Until then, a pair of covered walkways will be installed so visitors can get to the Skywalk while construction work at the site continues. The visitor center probably won't open until sometime next year, Karren said.
A private event will be held March 20, during which Apollo astronaut Edwin "Buzz" Aldrin, the second man to walk on the moon, is scheduled to lead the ceremonial "first walk" out onto the Skywalk.
By then, of course, an untold number of laborers and engineers, Karren among them, already will have walked on the structure.
"I'll be among the first," Karren said.
So will Jasna Vikic, Lochsa's project engineer for the Skywalk.
Vikic and her husband moved to the United States from Bosnia 13 years ago. She said only in America could she end up working on an attraction such as this.
"From the beginning, I knew it was going to be a famous project. It is a great opportunity."
Vikic said her first visit to the job site was also her first trip to the Grand Canyon.
Because the walkway extends beyond the edge of the cliff, engineers had to contend with some "interesting wind behaviors."
In the end, the Skywalk was designed to withstand wind gusts of up to 100 mph from any direction, though Karren said he expects the attraction to shut down on extremely windy days "purely for pedestrian comfort."
"It's so (the wind) doesn't suck off their toupees because the bridge can take it," Karren explained.
The walkway is engineered to support at least 100 pounds per square foot, or about 800 people weighing 200 pounds each.
Mostly out of curiosity, Karren fired a high-powered rifle into an extra piece of the composite glass that will serve as the deck of the walkway. The glass stopped the bullet.

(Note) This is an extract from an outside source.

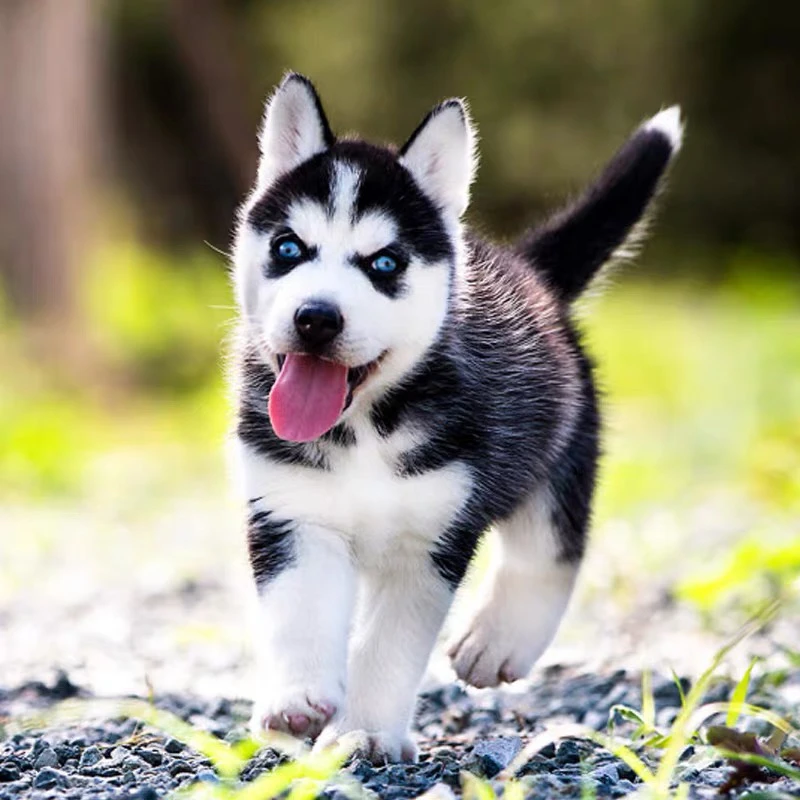 纯种哈士奇幼犬活动三把火哈士奇活体二哈宠物一物一拍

Operators plan to allow no more than 120 people onto the Skywalk at any one time. Visitors will be given a pair of special booties to prevent their shoes from slipping on the glass or scratching it.
Those who are a bit more squeamish about heights will be able to walk along the structure's steel support beams instead of the clear glass portions of the walkway.

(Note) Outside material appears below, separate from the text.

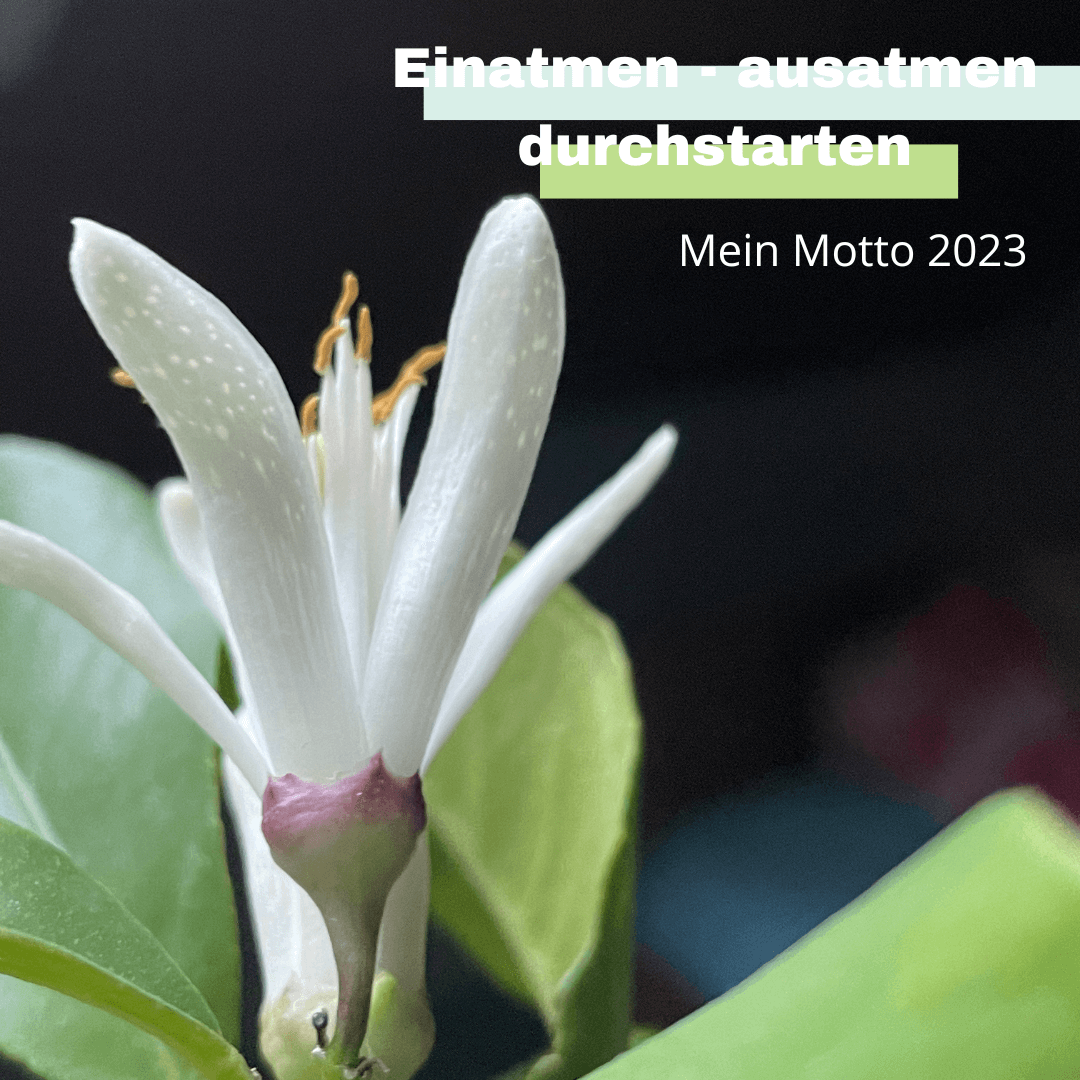 Read more about the article Mein Motto für 2023: Einatmen – ausatmen – durchstarten!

"The experience can be as freaky was you want it to be," Karren said.
The project has already generated a great deal of buzz.

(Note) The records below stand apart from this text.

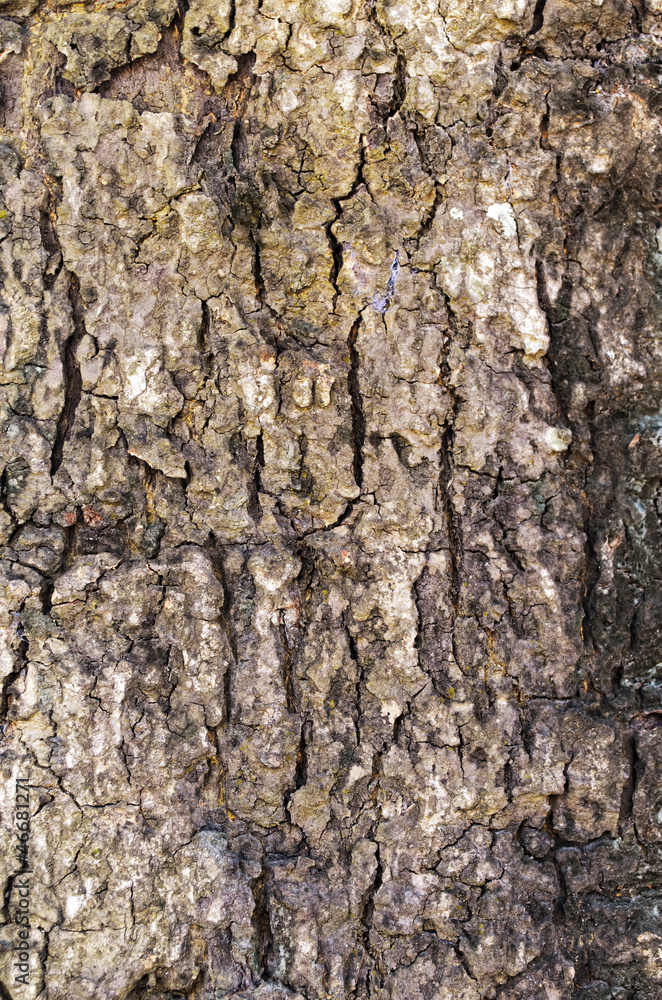 Tree Trunk Texture Tree Trunk Texture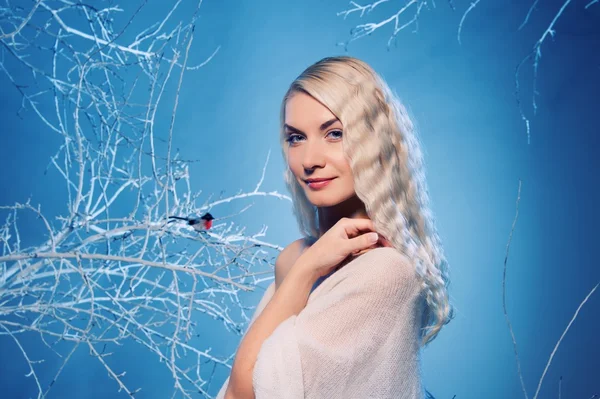 Kış ormanındaki kadın — Stok fotoğraf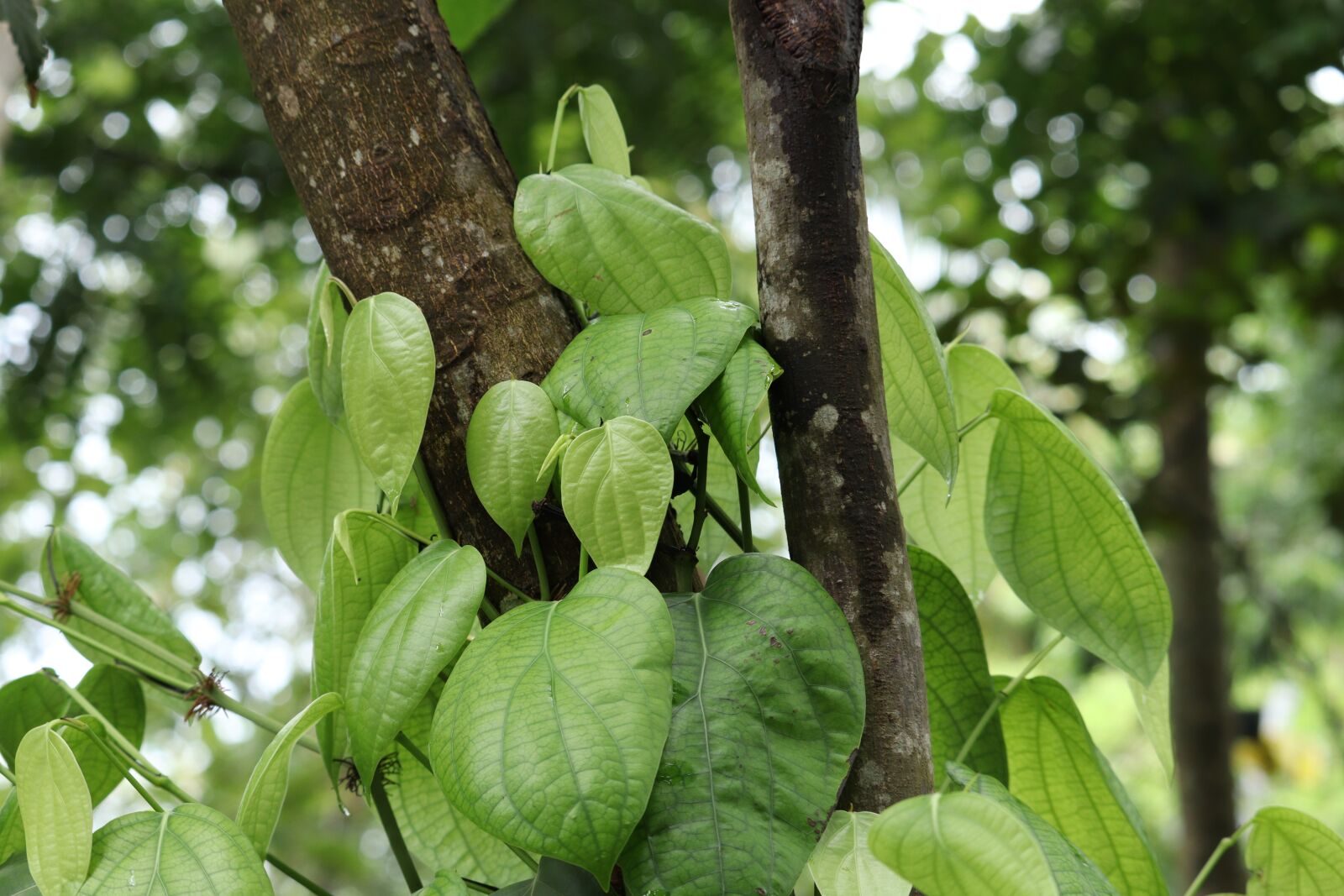 Canon EOS 250D (EOS Rebel SL3 / EOS Kiss X10 / EOS 200D II) sample photo. Leaf, nature, green photography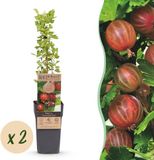 Green boutiQ - Fruitplant - Ribes uva-crispa Hinnonmäki Röd - Kruisbes - Winterhard - Rode Bes - 2 Planten - Pot 15cm - Hoogte 50cm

Last year, Popular Science magazine named the Skywalk as one of the world's 100 best innovations.
Karren said he gets a constant stream of e-mail inquiries and requests for interviews from all over the world. "I've been on Discovery TV Canada, and a TV station in Germany wants me to go on with them," he said.
Mojicar gets lots of calls and e-mails, too. "It's starting to get more heated now," he said.
One engineer from the Netherlands has been especially persistent. Vikic said she gets an e-mail from the guy about once a day.
"Every morning it's one more question, one more question," she said.
The man took the information he got from Lochsa and used it to draw his own sketches of the walkway for a Dutch newspaper, Karren said. "He never got it exactly right."
The Skywalk is also generating a great deal of excitement on the Hualapai reservation. Karren said that when the first truck rolled in carrying a piece of the walkway, tourists and tribe members ran over to greet it.
"How often do you see people running to see a piece of steel on the back of a truck?" Karren said.
Once the Skywalk is finally open, Karren expects it to attract people from all over the world because of "what it is and where it is."
"I think it catches people's imaginations. It just grabs them," he said. "The whole world is going nuts over this."